BARBERINO DI MUGELLO – Ieri, domenica 22 Dicembre, nelle acque dell’invaso di Bilancino, in zona “Gabbianello”, partendo dallo scolmatore della diga fino ad arrivare al punto in cui il torrente Tavaiano si immette nell’invaso, un tratto di diverse centinaia di metri, sono state rinvenute due lunghe reti da pesca in nylon, una con maglie da 8 centimetri e una con maglie da 9 centimetri; collocate probabilmente nella notte da alcuni bracconieri.
Intorno alle 11,30 alla sede F.I.P.S.A.S. (Federazione italiana pesca sportiva ed attività subacquee) di Moriano è infatti giunta una telefonata da parte di tre pescatori che segnalavano il ritrovamento di due lunghe reti da pesca che avevano già intrappolato numerosi pesci di varia specie, che stavano nel frattempo liberando.
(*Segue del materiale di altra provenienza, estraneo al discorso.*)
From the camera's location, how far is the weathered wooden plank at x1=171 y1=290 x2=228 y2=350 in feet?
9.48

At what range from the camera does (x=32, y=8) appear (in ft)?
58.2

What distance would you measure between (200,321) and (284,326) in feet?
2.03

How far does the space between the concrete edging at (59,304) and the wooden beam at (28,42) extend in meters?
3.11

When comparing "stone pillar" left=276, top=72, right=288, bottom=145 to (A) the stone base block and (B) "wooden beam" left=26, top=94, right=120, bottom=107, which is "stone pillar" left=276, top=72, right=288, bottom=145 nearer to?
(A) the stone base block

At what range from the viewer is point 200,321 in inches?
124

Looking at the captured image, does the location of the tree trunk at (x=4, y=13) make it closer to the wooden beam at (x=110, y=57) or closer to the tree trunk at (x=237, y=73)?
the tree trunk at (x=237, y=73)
Tre guardie ittiche della sezione fiorentina dell’associazione, in servizio al centro Federale che ha la sede proprio sul lago di Bilancino, hanno risposto alla chiamata intervenendo sul luogo del ritrovamento. Arrivati in zona “Gabbianello” grazie al prezioso contributo dei tre pescatori, le reti sono state prelevate e trasportate al centro Federale e sottoposte a sequestro.
Nel frattempo sono stati avvisati del ritrovamento anche i Carabinieri Forestali della stazione di Barberino di Mugello che erano in servizio e che hanno potuto constatare il ritrovamento delle reti.
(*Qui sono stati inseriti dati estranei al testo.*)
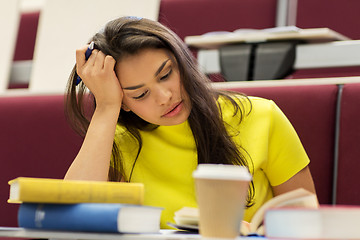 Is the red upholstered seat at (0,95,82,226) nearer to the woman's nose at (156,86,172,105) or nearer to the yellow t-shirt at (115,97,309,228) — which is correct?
the yellow t-shirt at (115,97,309,228)

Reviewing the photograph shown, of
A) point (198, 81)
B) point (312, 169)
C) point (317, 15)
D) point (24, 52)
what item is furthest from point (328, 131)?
point (24, 52)

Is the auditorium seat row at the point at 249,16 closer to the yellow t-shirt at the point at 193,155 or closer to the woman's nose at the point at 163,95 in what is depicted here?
the yellow t-shirt at the point at 193,155

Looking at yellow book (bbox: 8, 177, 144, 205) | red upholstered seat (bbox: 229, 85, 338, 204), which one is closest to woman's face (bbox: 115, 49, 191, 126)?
red upholstered seat (bbox: 229, 85, 338, 204)

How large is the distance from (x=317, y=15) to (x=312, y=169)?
0.72 metres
“Ringraziamo l’Arma dei Carabinieri – spiegano dalla Fipsas – per l’importante contributo che giornalmente dedica al controllo del nostro territorio. Questa sinergia è uno dei motivi alla base della richiesta del Comitato regionale Toscana Fipsas di apertura della pesca con esche artificiali anche dal 1° gennaio al 1° aprile, purtroppo ancora inascoltato dalla Regione Toscana. Per fortuna – aggiungono – questa volta l’azione distruttiva del bracconaggio è stata resa vana ed è stato grazie alla presenza dei pescatori sportivi che, con grande prontezza hanno informato gli organi preposti alla vigilanza e al controllo. La presenza dei pescatori sportivi è sempre importante perché sono loro le prime vedette e sono loro i primi a volere che le nostre acque non siano
continuamente violentate e deturpate da personaggi senza rispetto. La sezione provinciale della Fipsas di Firenze – concludono – che conduce da anni un controllo delle acque di bilancino e della Sieve, già da tempo aveva avuto delle avvisaglie con numerosi avvistamenti notturni di “personaggi” in giro per le sponde del lago. Dopo questo ritrovamento saranno intensificati i controlli sia diurni che notturni da parte delle guardie ittiche Fipsas che da parte delle forze dell’ordine, perché l’attività illegale e distruttiva del bracconaggio possa avere la risposta che merita”.
Ricordiamo che il reato di bracconaggio ittico con l’uso di strumenti non atti alla pesca sportiva ricreativa, non sono più un reato amministrativo, ma penale, reato perciò punibile non soltanto con una sanzione amministrativa che può raggiungere le migliaia di euro, ma prevede anche il sequestro, sia degli strumenti utilizzati, sia dei mezzi impiegati, che siano barche, furgoni o automobili”.